▶ _Material for this task_
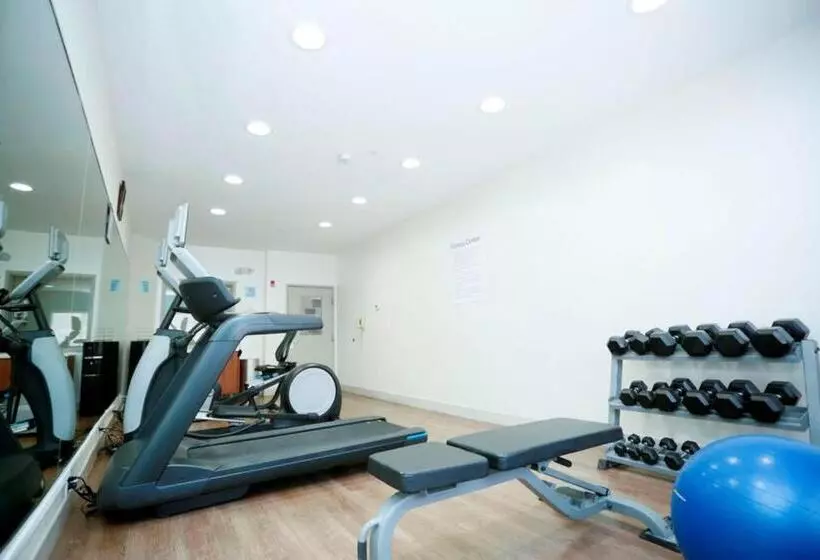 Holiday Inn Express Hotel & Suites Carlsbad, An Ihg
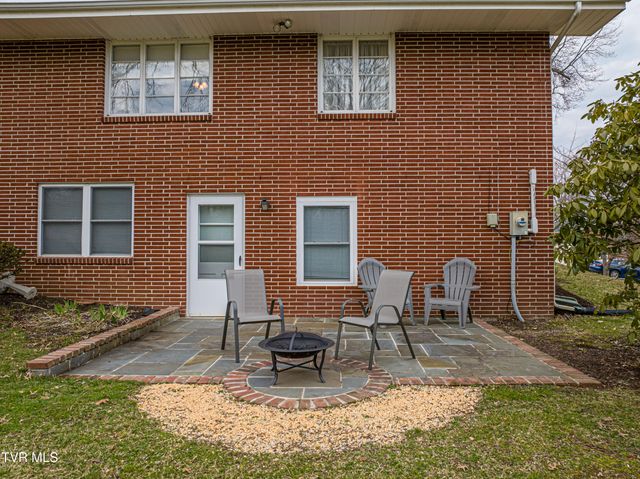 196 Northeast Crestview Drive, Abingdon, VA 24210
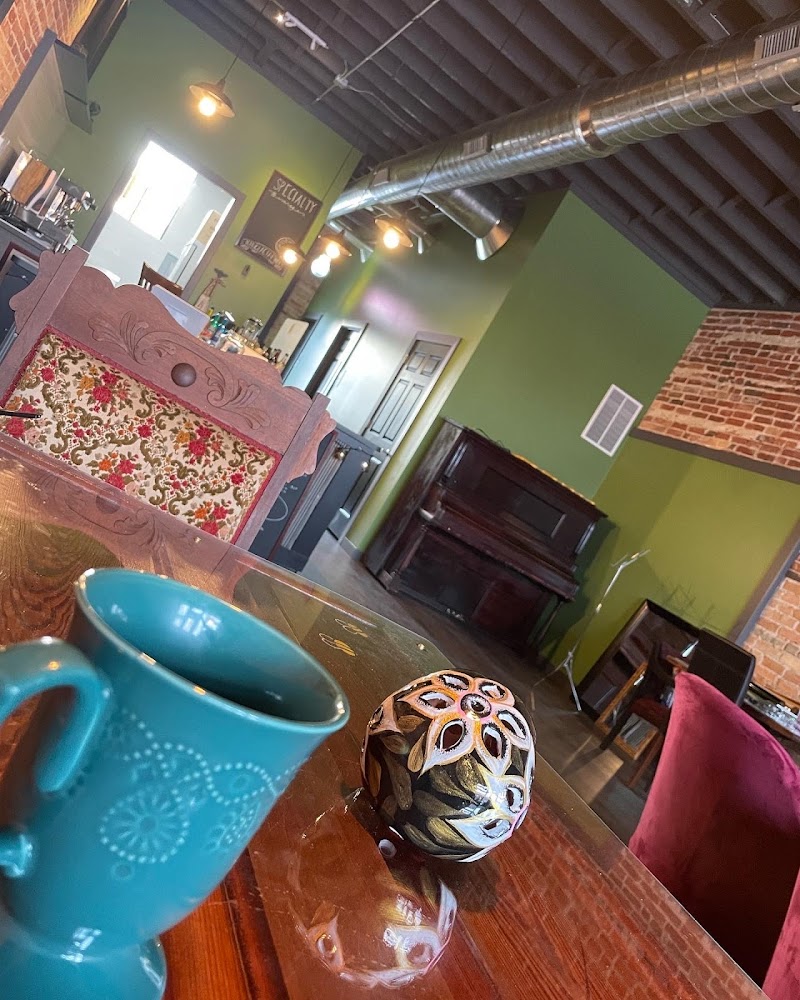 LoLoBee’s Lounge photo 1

==

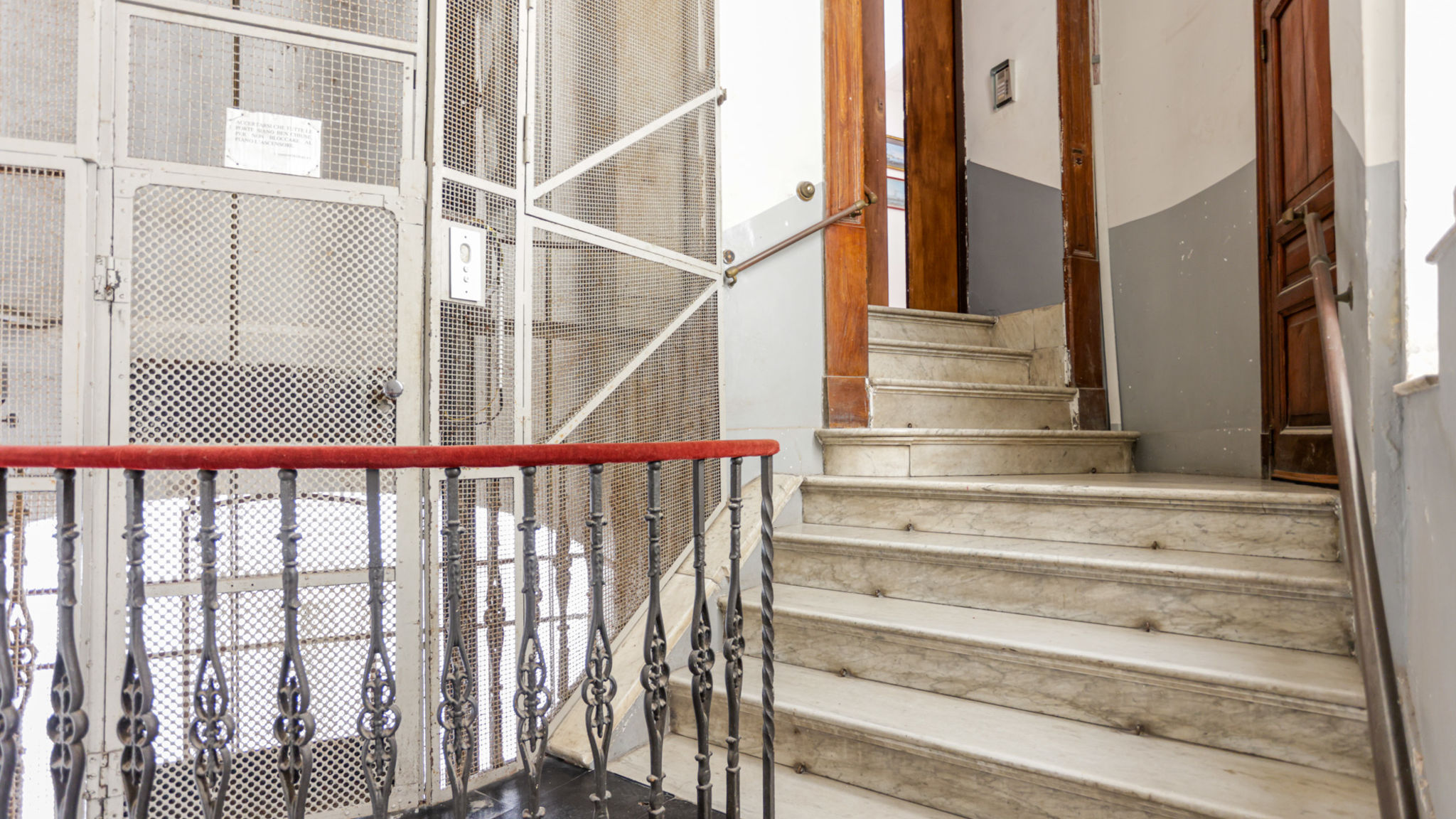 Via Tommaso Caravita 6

▶ _Your assignment_
Above are the records; restate exactly the lines from the one containing "196 Northeast Crestview" through the one containing "LoLoBee’s Lounge photo 1", keeping pictures out.

▶ _Result of the task_
 196 Northeast Crestview Drive, Abingdon, VA 24210
 LoLoBee’s Lounge photo 1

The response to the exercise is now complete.